▶ [Work to be completed]: Only one stretch of the data below is needed. Output the lines from the one with "PC WORLD 01/2002" up to and including the one with "Barbaros Mahallesin'de Merkezi", exactly as they stand.

▶ [Supplied information]:
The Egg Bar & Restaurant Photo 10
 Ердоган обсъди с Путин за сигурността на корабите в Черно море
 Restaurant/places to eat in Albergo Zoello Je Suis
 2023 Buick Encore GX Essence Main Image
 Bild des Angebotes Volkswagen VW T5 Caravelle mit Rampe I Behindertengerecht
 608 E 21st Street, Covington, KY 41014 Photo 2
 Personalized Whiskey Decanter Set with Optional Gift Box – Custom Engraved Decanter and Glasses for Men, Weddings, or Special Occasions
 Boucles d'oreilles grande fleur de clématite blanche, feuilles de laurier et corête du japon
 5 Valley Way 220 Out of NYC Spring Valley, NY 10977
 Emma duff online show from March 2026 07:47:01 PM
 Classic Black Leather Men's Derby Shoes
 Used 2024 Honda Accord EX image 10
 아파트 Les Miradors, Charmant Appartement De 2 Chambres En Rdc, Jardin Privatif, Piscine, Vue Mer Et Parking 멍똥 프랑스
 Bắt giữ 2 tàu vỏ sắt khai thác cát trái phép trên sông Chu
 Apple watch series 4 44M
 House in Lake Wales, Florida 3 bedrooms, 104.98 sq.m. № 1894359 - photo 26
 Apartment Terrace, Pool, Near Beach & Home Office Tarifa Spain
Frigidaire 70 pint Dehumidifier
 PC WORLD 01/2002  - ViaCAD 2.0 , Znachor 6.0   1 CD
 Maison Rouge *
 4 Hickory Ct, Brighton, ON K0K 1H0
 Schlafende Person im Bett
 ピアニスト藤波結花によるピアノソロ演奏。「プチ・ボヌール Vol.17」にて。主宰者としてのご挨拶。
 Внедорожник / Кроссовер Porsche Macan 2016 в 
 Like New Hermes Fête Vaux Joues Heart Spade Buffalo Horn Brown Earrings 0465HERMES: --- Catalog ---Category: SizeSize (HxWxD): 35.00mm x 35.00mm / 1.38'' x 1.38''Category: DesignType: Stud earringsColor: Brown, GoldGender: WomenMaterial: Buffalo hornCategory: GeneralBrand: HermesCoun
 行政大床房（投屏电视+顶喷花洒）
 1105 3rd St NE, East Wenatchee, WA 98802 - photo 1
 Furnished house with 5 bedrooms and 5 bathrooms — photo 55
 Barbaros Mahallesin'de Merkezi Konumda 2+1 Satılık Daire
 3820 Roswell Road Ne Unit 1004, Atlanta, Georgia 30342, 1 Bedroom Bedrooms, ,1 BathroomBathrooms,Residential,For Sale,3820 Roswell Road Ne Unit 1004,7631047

▶ [Response below]:
 PC WORLD 01/2002  - ViaCAD 2.0 , Znachor 6.0   1 CD
 Maison Rouge *
 4 Hickory Ct, Brighton, ON K0K 1H0
 Schlafende Person im Bett
 ピアニスト藤波結花によるピアノソロ演奏。「プチ・ボヌール Vol.17」にて。主宰者としてのご挨拶。
 Внедорожник / Кроссовер Porsche Macan 2016 в 
 Like New Hermes Fête Vaux Joues Heart Spade Buffalo Horn Brown Earrings 0465HERMES: --- Catalog ---Category: SizeSize (HxWxD): 35.00mm x 35.00mm / 1.38'' x 1.38''Category: DesignType: Stud earringsColor: Brown, GoldGender: WomenMaterial: Buffalo hornCategory: GeneralBrand: HermesCoun
 行政大床房（投屏电视+顶喷花洒）
 1105 3rd St NE, East Wenatchee, WA 98802 - photo 1
 Furnished house with 5 bedrooms and 5 bathrooms — photo 55
 Barbaros Mahallesin'de Merkezi Konumda 2+1 Satılık Daire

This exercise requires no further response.